While we've had constructive action, and while some schools are succeeding and others hold their own, over all we've made only limited progress toward genuine reform. No one can conclude that the overall performance of public education in this country is adequate for the century ahead.
What's missing is a unifying vision of school renewal. In the decade of the 90's, we simply must find ways to set priorities and it's my own suggestion that we focus, with special urgency, on two of the nation's six education goals, both of which have wide support.
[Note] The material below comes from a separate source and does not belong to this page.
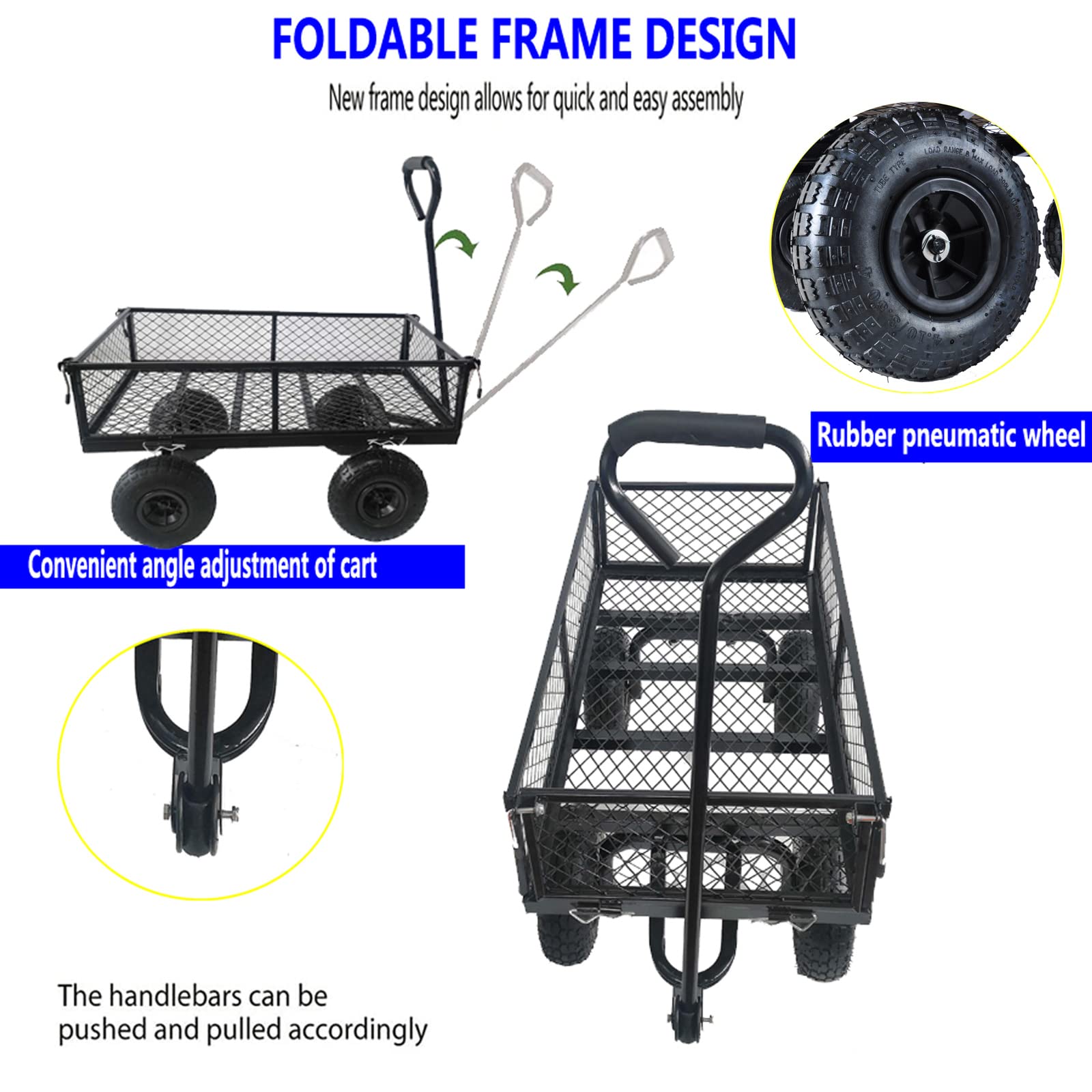 Heavy Duty Utility Garden Wagon Cart with Removable Sides - 560 Lbs Capacity, 10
Specifically, let's embrace the first education goal and work aggressively to assure that all children come to school well prepared to learn. Excellence in education begins before school, even before birth itself, and yet, according to a Carnegie Foundation survey of kindergarten teachers, 35 percent of the nation's children came to school last year linguistically, physically, and socially ill-prepared. School readiness is an urgent mandate for the nation and if our youngest, most vulnerable children are neglected, excellence in education simply cannot be accomplished.
I also propose that special emphasis be given to the third education goal, which calls for the assessment of students in basic subjects.
Critics worry, quite correctly I believe, that the national standards and assessment movement could impose rigid testing on all schools and suffocate reform. On the other hand, such an effort, properly directed, could give the reform movement precisely the focus that's been lacking.
The national assessment effort could, for example, drive us back to the curriculum itself. It's one thing to talk about assessing students--but what precisely do we plan to measure? I urgently hope that we can move beyond the old Carnegie units and create, for the 21st century, a more coherent, more integrative course of study.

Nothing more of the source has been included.